Carbon Dioxide Emissions. Energy-related carbon dioxide emissions are projected to increase at an average of 1.4 percent per year from 1999 to 2020, reaching 2,041 million metric tons of carbon equivalent, 35 percent higher than in 1999 and 51 percent higher than in 1990 (Figure 11). Projected increases in carbon dioxide emissions primarily result from continued reliance on coal for electricity generation and on petroleum fuels in the transportation sector.

Alternative Cases. In order to show the impact of alternative assumptions concerning the key factors driving energy markets, we include a number of alternative cases in AEO2001. Two sets of these cases illustrate the impacts of improved technology in energy-consuming equipment and in the production of oil and gas.

One alternative case assumes more rapid improvement in new technologies for end-use demand, through lower costs, higher efficiencies, and earlier availability for new technologies, relative to the reference case, as well as more rapid improvement in the costs and efficiencies of advanced fossil-fired and new renewable generating technologies. As a result, projected energy demand in 2020 is 8 quadrillion Btu lower than in the reference case, reducing carbon dioxide emissions to 1,875 million metric tons carbon equivalent in 2020, compared to 2,041 million metric tons carbon equivalent in the reference case (Figure 12). Such technology improvements could result from increased research and development, but should not be considered the most optimistic improvements that could occur with a very aggressive program of research and development. The AEO2001 reference case assumes continued improvements in technology for both energy consumption and production; however, it is possible that technology could develop at a slower rate. In the 2001 technology case, it is assumed that all future equipment choices will be made from the equipment and vehicles available in 2001, with new building shell and industrial plant efficiencies frozen at 2001 levels. Also, new generating technologies are assumed not to improve over time. In this case, efficiencies improve over the forecast period as new equipment is chosen to replace older stock and the capital stock expands; however, projected energy demand in 2020 is 6 quadrillion Btu higher than in the reference case, increasing carbon dioxide emissions to 2,157 million metric tons carbon equivalent.

Another alternative case assumes more rapid technological improvement in the exploration and production of petroleum and natural gas. By 2020, these assumed improvements are expected to raise natural gas production by 1.1 trillion cubic feet and raise lower 48 crude oil production by nearly 300 thousand barrels per day compared to the reference case.

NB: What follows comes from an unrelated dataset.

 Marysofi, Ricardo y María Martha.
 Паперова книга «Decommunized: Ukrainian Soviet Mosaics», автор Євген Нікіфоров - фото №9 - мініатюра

The more rapid technology progress would also be expected to reduce the average wellhead price of natural gas in the United States from $3.13 per thousand cubic feet (1999 dollars) in the reference case to $2.50 per thousand cubic feet in 2020 (Figure 13). Conversely, slower technological improvements are assumed in another case, which reduce natural gas production by 1.9 trillion cubic feet and reduce lower 48 crude oil production by nearly 400 thousand barrels per day in 2020 relative to the reference case. In this slow technology case, the average wellhead price of natural gas in 2020 reaches $4.23 per thousand cubic feet.

Conclusion. In the near term, we expect crude oil and petroleum prices to decline slightly from their current levels by the end of the year and to decline further next year. Stock levels of both petroleum and natural gas remain tight. In the long term, continuing growth in the U.S. economy is expected to stimulate more energy demand, with fossil fuels remaining the dominant source of energy. As a result, our dependence on foreign sources of petroleum is expected to increase and domestic natural gas production and natural gas imports are expected to grow significantly. These forecasts incorporate an expectation of efficiency improvements in both demand and supply although different paths for technological development could lead to slower or more rapid efficiency gains.

Thank you, Mr. Chairman and members of the Subcommittee. I will be happy to answer any questions you may have.